According to Jeff Allen, “Dance studios are still used as a case study to recognize deceptive trade practices. The Internet has become a common ground for sharing viewpoints. As more dancers are tuned in to the electronic age it will become increasingly more difficult for the bad practices of dances studios, no matter how remote or small their marketplace is, to continue without being noticed, as has been the case until now. Dancers of all levels and of experience have begun to share their opinions concerning the various pluses and minuses of the dance studio and teaching business. The Cash Cows are not coming out well in these news group discussions.”
Ballroom dance teachers in the late 1950's, including the Arthur Murray studios, increasingly came under government scrutiny for the shady practices we increasingly see making a comeback. Hundreds of dance customers, then the government, made allegations that quickly escalated. Dance studios, including Arthur Murray, were using “high-pressure sales, bait and switch tactics and long-term contracts involving then shocking sums of money, $12,000 or more as an initial payment for a lifetime contract.” In 1960, the Federal government ordered the Arthur Murray studios to “stop using bogus contests and high-pressure tactics to sell their dance instruction courses.” In 1962, the California Office of the Attorney General began a statewide effort to “stamp out a dancing school racket that reaped many millions of dollars from gullible customers.” In 1976, Governor Carey of New York State signed a bill “providing dance customers with safeguards in dealing with dance schools.”

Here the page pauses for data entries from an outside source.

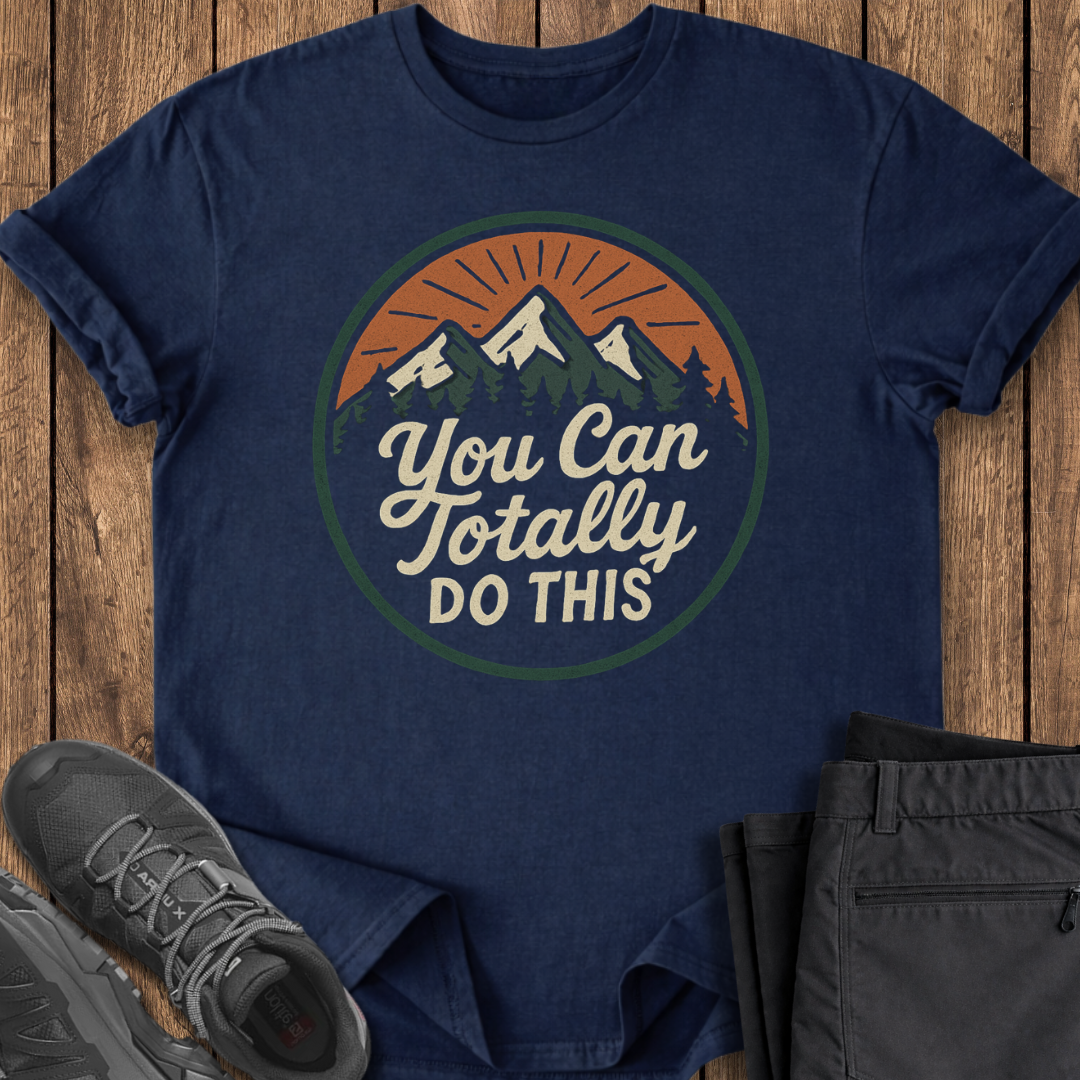 Navy blue t-shirt with motivational quote on a wooden surface with shoes and pants.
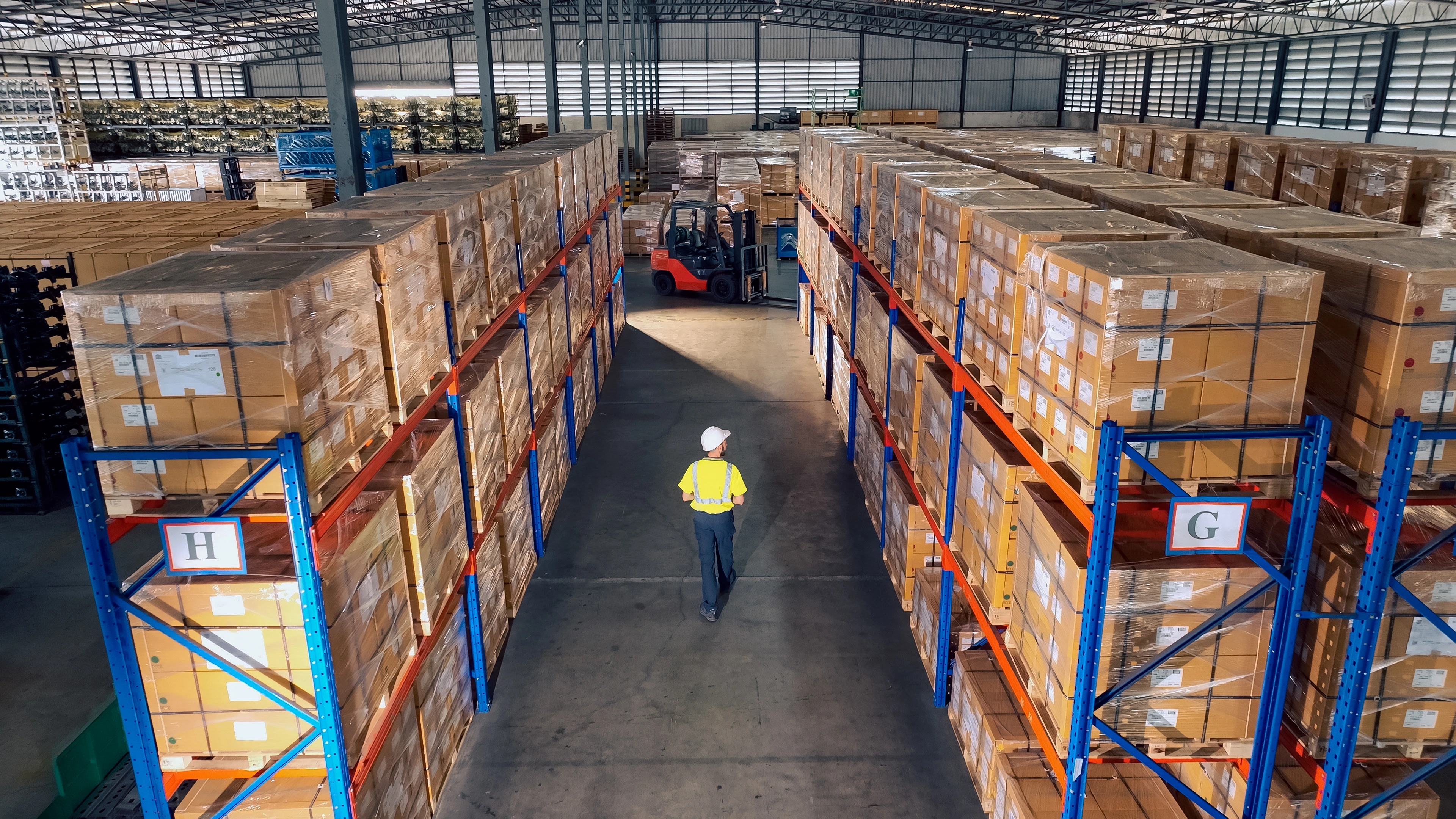 A man in the warehouse with Ariel View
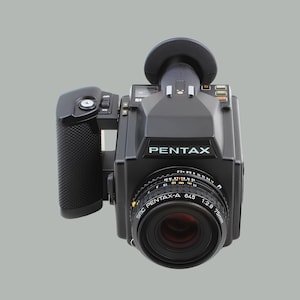 May include: Black Pentax 645 medium format film camera with a 75mm lens. The camera has a grip, viewfinder, and various dials and settings. The lens is labeled SMC Pentax-A 645 1:2.8 75mm.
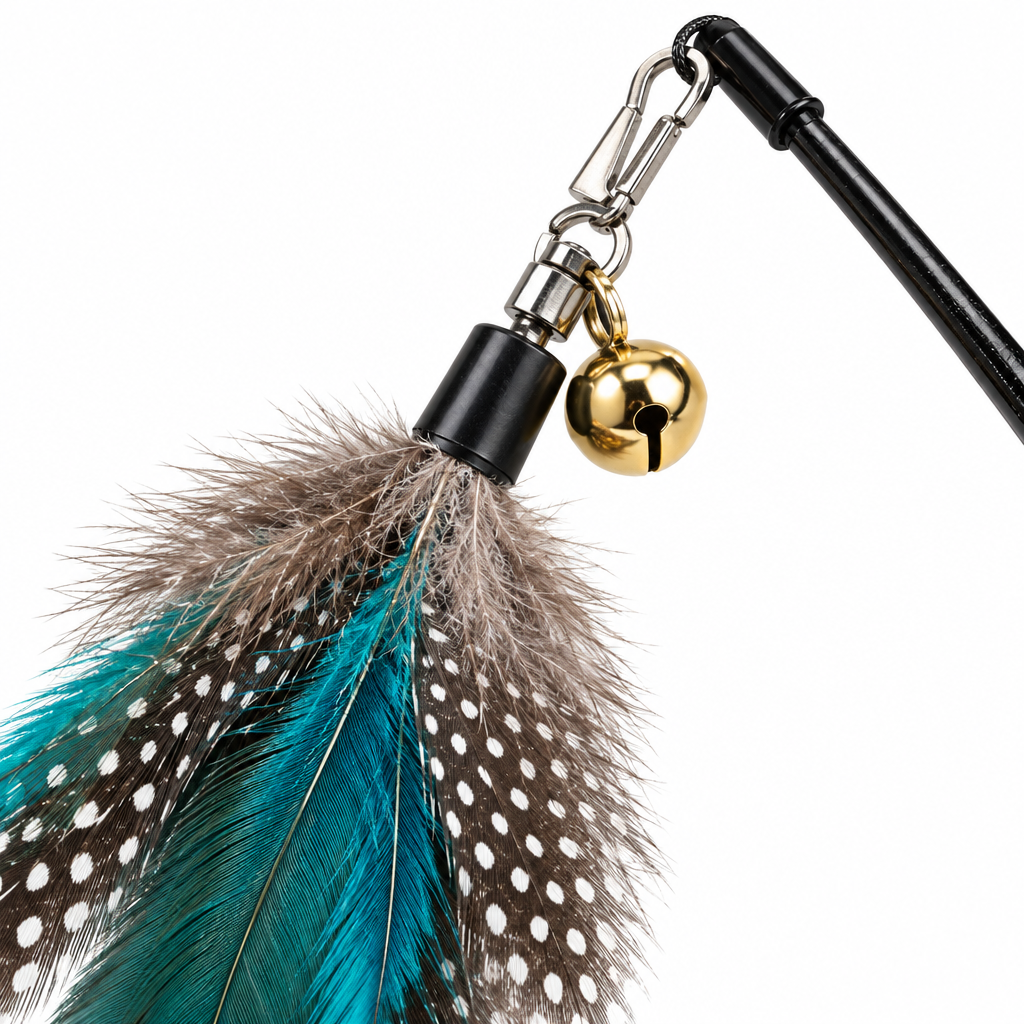 Macro close-up detail of metal swivel clasp connector, chime bell, and natural feather filaments on cat wand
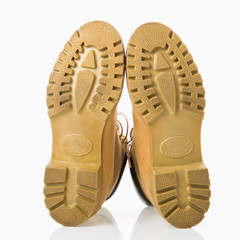 Pair of tan construction boots with sole facing viewer.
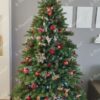 Künstlicher Weihnachtsbaum FULL 3D Finnische Fichte 210cm, ist mit roten Dekorationen verziert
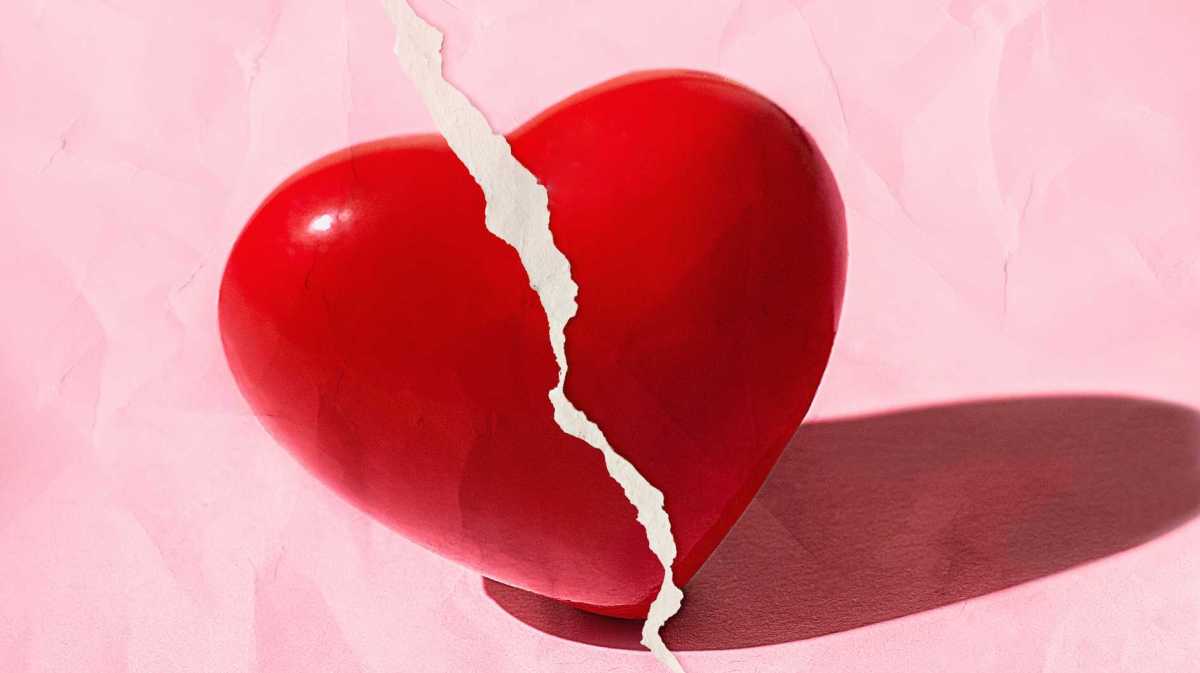 Rotes gebrochenes Herz auf pastellrosa Farbe mit zerrissenem Papiereffekt.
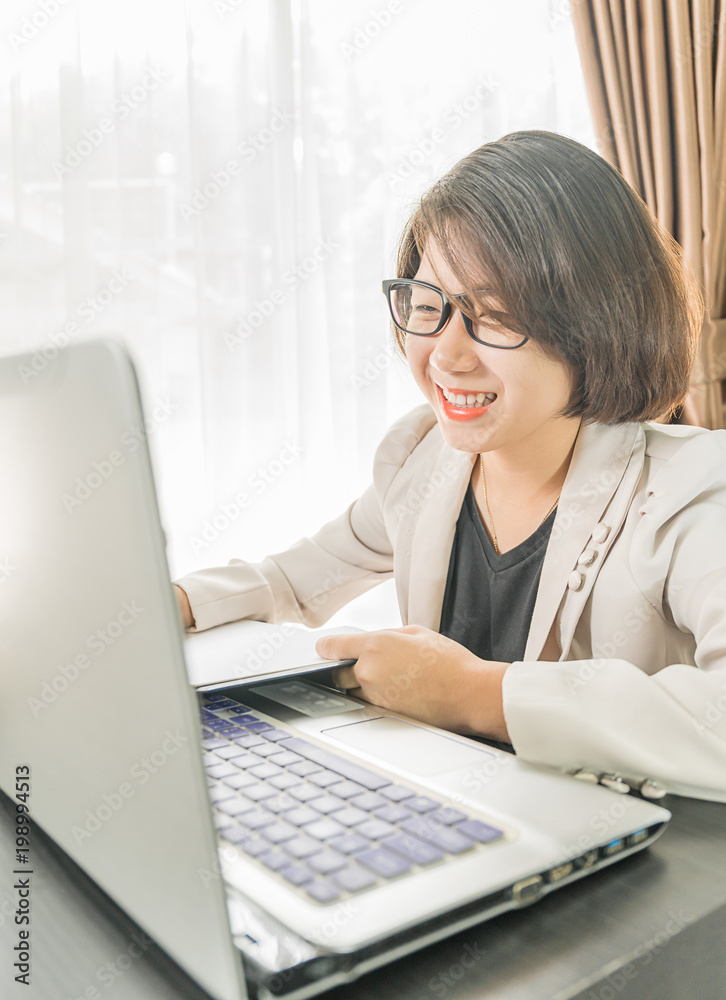 Woman teenage working on laptop in home office Woman teenage working on laptop in home office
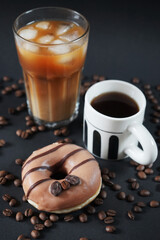 Caramel donut with coffee decoration next to a glass of iced frappuccino with a cup of black coffee on a dark background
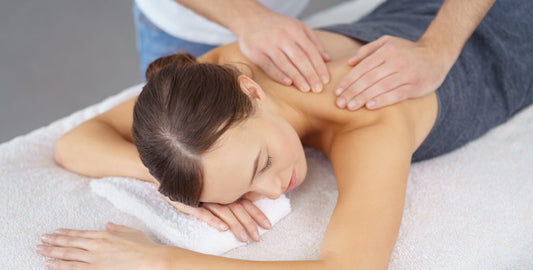 A person receiving a Tui-Na massage on their back, with hands applying pressure to the shoulders.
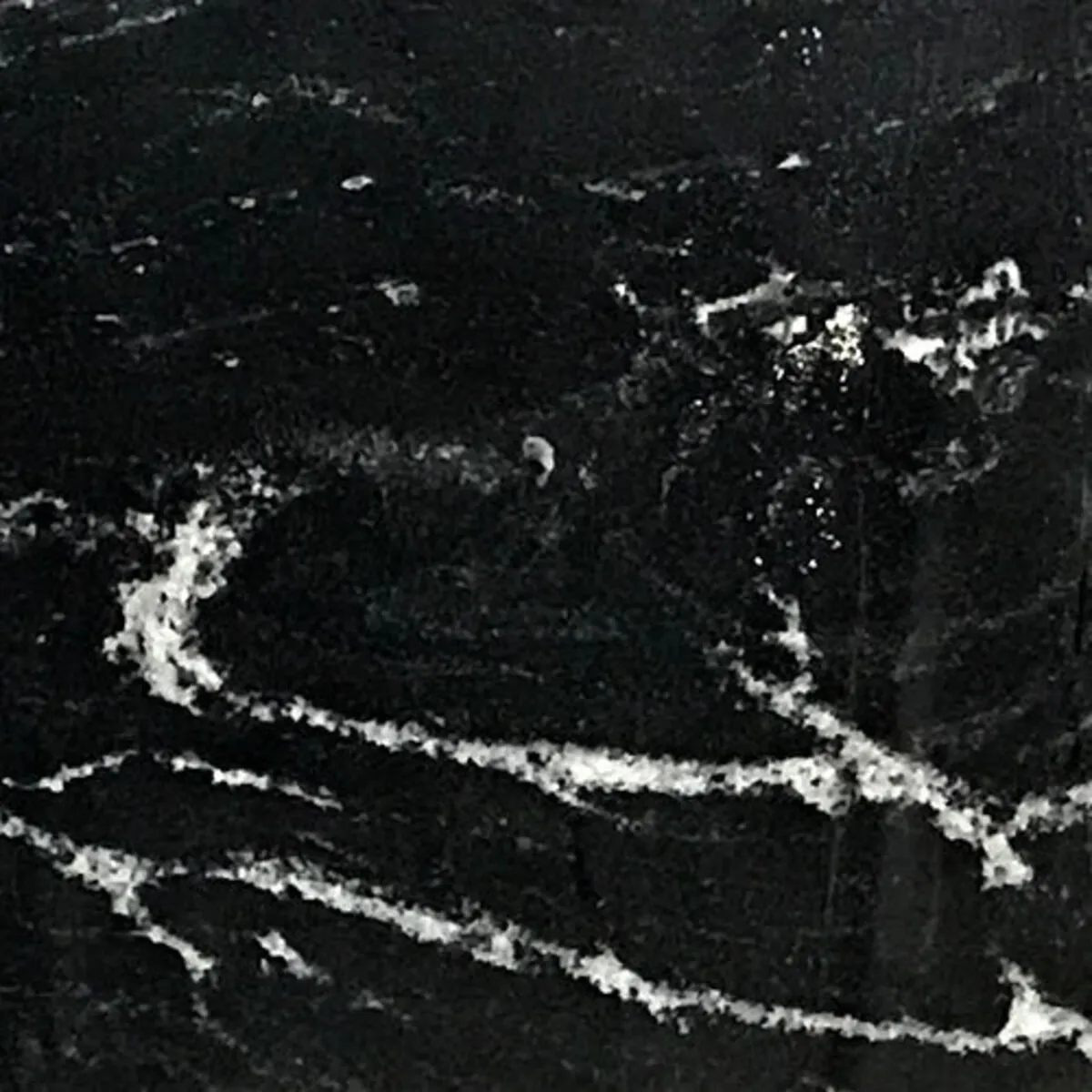 Closeup image of Via Lattea Black Granite countertop slab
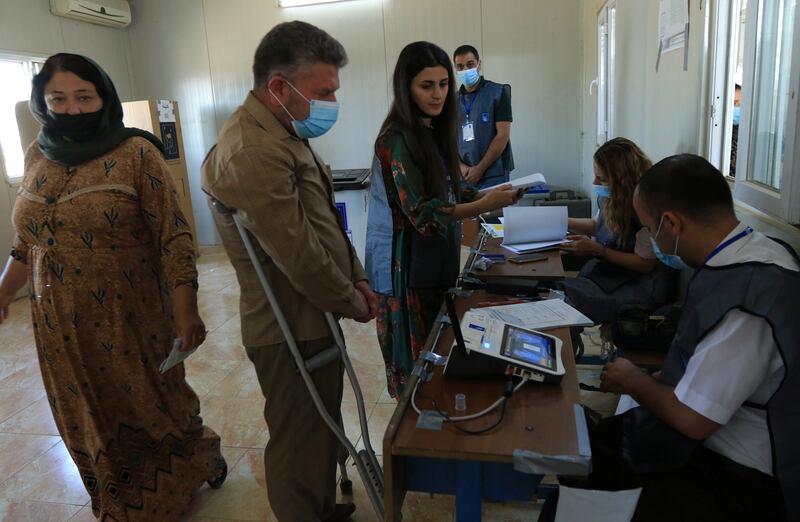 Displaced Yazidis prepare to vote at the Sharya camp in Duhok, Iraq. Reuters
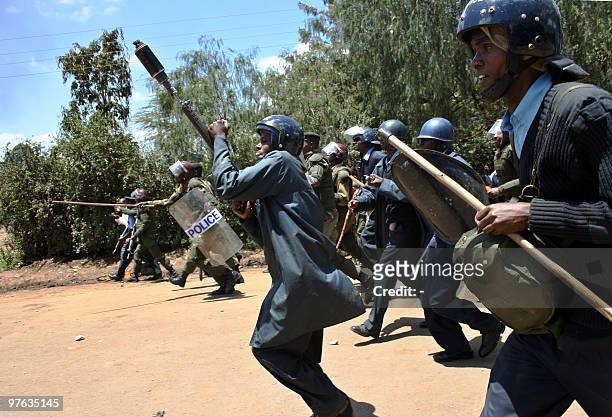 Kenya police charge to break-up a crowd of protesters who were burning tires on the main road March 11, 2010 to protest the killing of seven...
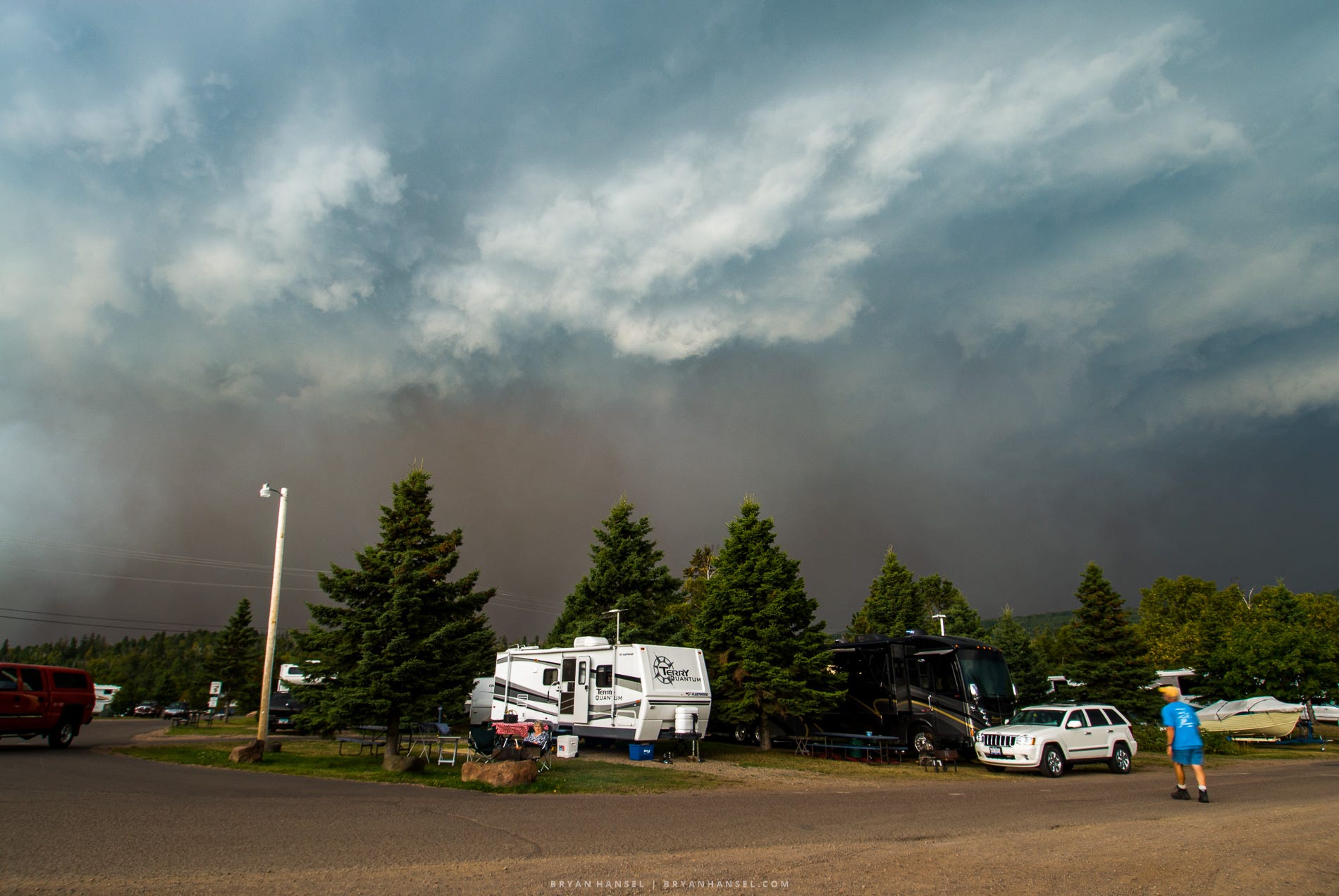 A campground near Grand Marais sits under towering storm clouds and a dark wall of wildfire smoke rising behind the trees as people continue their evening routines.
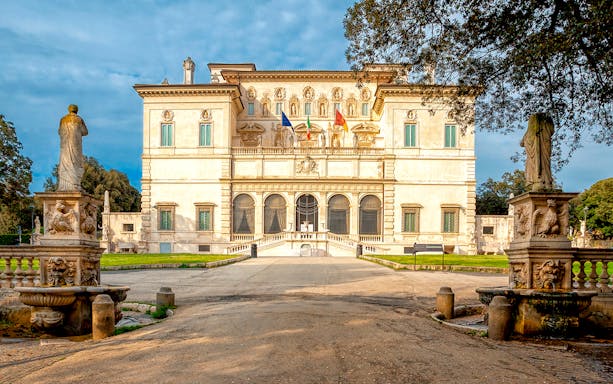 Borghese Gallery facade with statues and garden in Rome, Italy.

I read the articles Feasting at the Public Trough, The Dirty Little Secret of Ballroom Dance, and Get All Those Instructors You Can – or Maybe Not. Webster’s Dictionary defines Sportsmanship as “conduct becoming of a person who is fair, generous, a good loser, and a graceful winner.” These ballroom dance instructors are none. It’s not just the male instructors, it’s the females as well. Which is what happened to both my wife and I. The instructors were sneaky, snooty, used flattery, put her knee in my groin, he brushed his hand over my wife’s breast, she pushed her breasts into my chest, he pushed his groin into my wife’s pelvis. Their purported dance lessons were more like immature sexual manipulations to con us into their next condescending dance lesson. Before we moved to Reno, my wife and I lived in Novato, California. When we decided to get married, for our wedding dance we took ballroom dance lessons at the Novato Recreation Department from Jim Olson. Disgusting. After we later moved to Reno, we went once to Never Enough Ballroom. Same obscene story with Mikel and Suzette. Never again.
Jeff Allen, “Fawning and flattery are the hallmarks of con men. One must be cautious not to mistake fawning and flattery for encouragement and honesty. The lines of propriety are crossed when all these compliments and accolades are in fact meant to gain the confidence of the student for purposes of sales or extracting funds for other purposes rather than to represent what is really happening to the student. Dancing is learned by gaining the correct physical feeling, not an emotional one.”
My wife and I hike, walk and bicycle together. We meet a much better class of people that way than we ever did in our brief foray into ballroom dance.